A Monday column from The New York Times’s Bret Stephens triggered outrage after it described Rice as “inept” and a “sycophant to despots.”
The conservative columnist claimed that Rice made serious blunders as assistant secretary of state for African affairs in the Clinton administration between 1997 and 2001. Stephens claimed that Rice “played politics with human rights”.
But many diplomats who worked with Rice across the world and in Africa rebutted the column in a letter, describing it as ignorant.
The letter was signed by 47 diplomats, including many former ambassadors to African countries and political appointees from both parties.

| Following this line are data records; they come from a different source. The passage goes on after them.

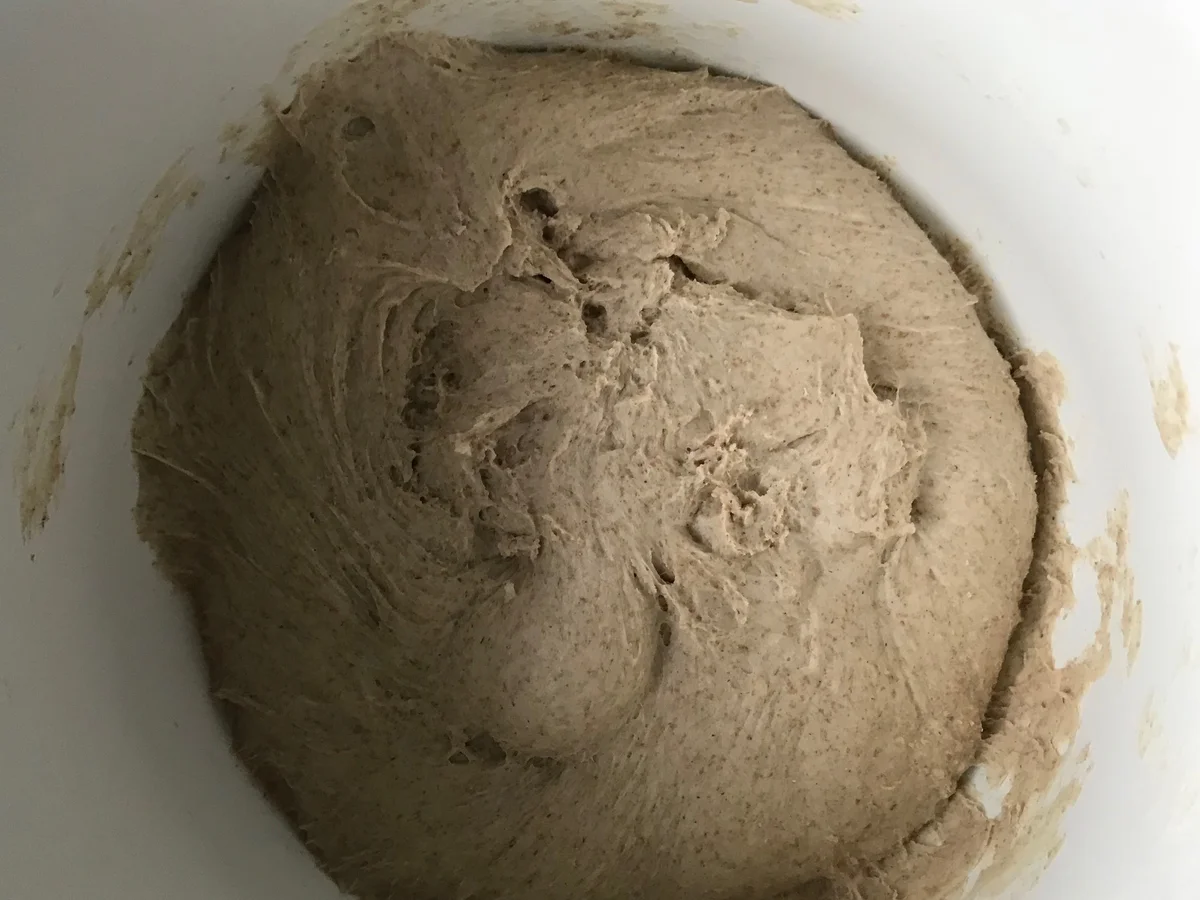 Rustikales Bauernbrot mit Sauerteig - Rezept - Bild Nr. 5089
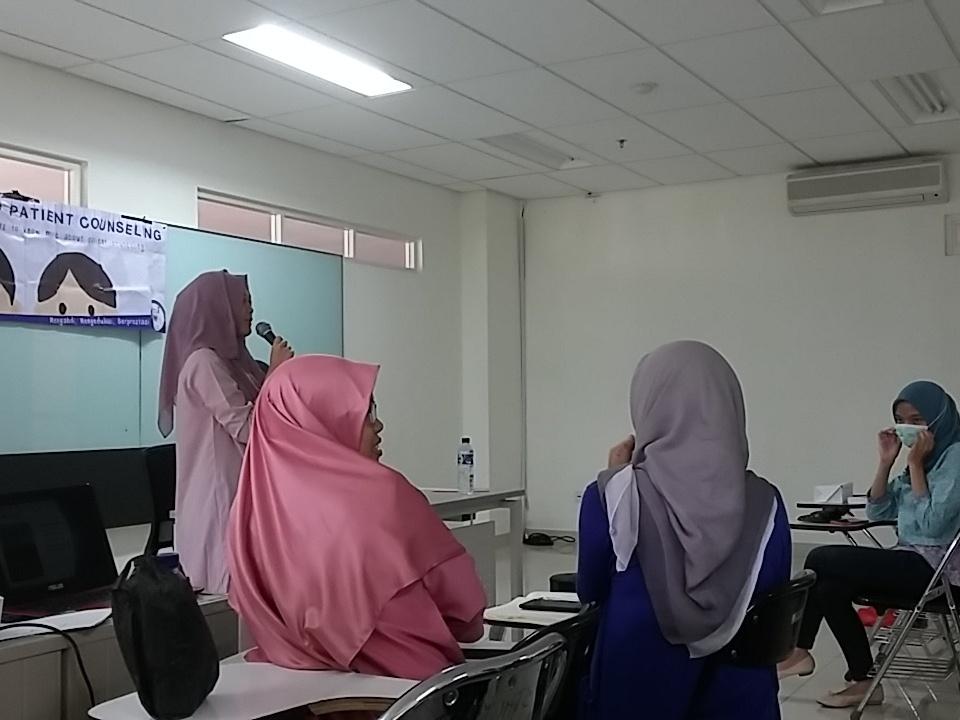 PCC Farmasi UI tweet media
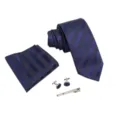 Conjunto de corbata y pañuelo de rayas azul marino para hombre con gemelos y alfiler. - Azul Oscuro Sarga Topos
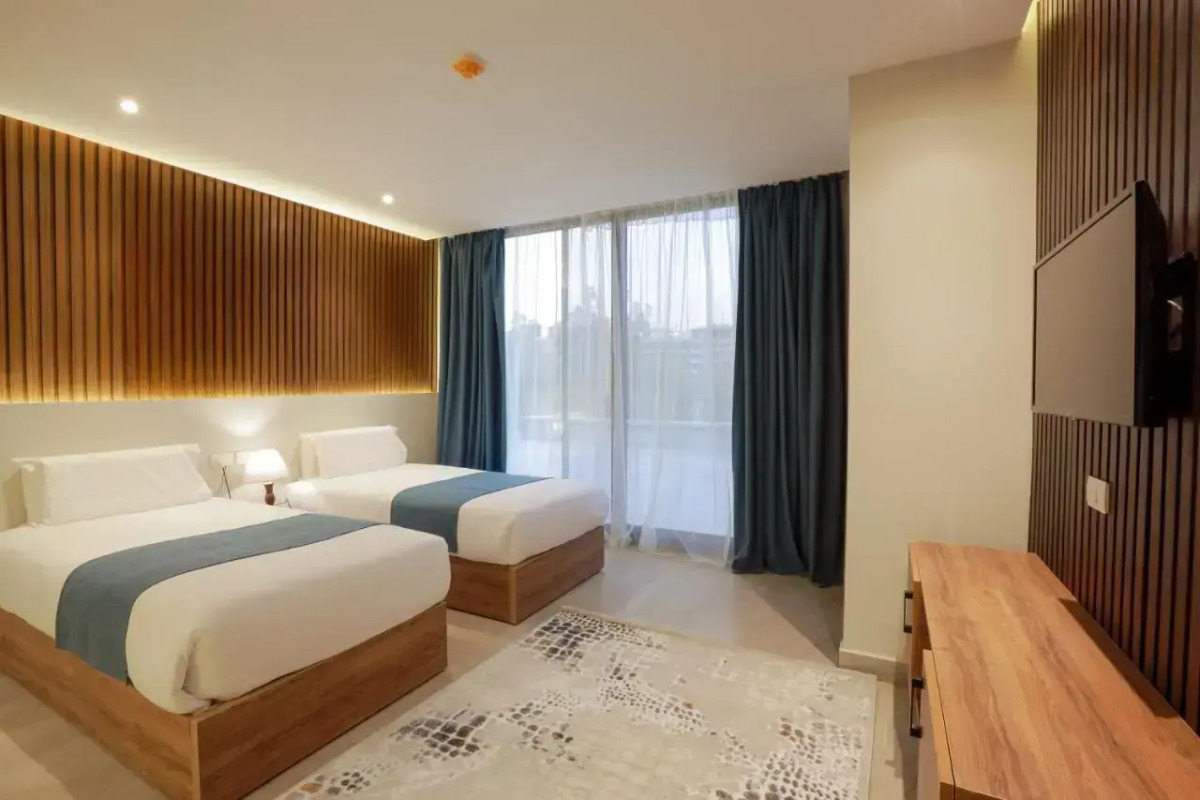 Отель Pyramid Front Hotel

“One of the usual victims in the politics of personal assassination is the truth,” the diplomats wrote. “This phenomenon holds in the current extrajudicial ‘trial’ of Susan Rice. Her record is being examined with a microscope and a telescope, at times refracting the light so completely that original facts become completely obscured.”
Rice, who served as assistant secretary of State for African affairs in the Clinton administration before serving as former President Obama’s ambassador to the United Nations and then national security adviser, returned to the national spotlight recently as a potential running mate to Joe Biden.
Rice, who was just 32 years old when she became assistant secretary of state, is now seen as a leading contender for a top job in a potential Biden administration.
The former diplomats in their open letter described her as a tireless diplomat, strong leader and “the catalyst for a foreign policy that sought to put Africa on equal footing with the rest of the world.”
“Her record is being examined with a microscope and a telescope, at times refracting the light so completely that original facts become completely obscured,” they wrote.
The diplomats said she is a “team player” and praised her for caring deeply about both Africans and Americans, saying she was “effective in bringing peace, prosperity and democracy to the continent.”
“She encouraged divergent views, and built consensus with her team, at the White House and with the Congress,” the letter states. “In doing so she became the catalyst for a foreign policy that sought to put Africa on equal footing with the rest of the world.”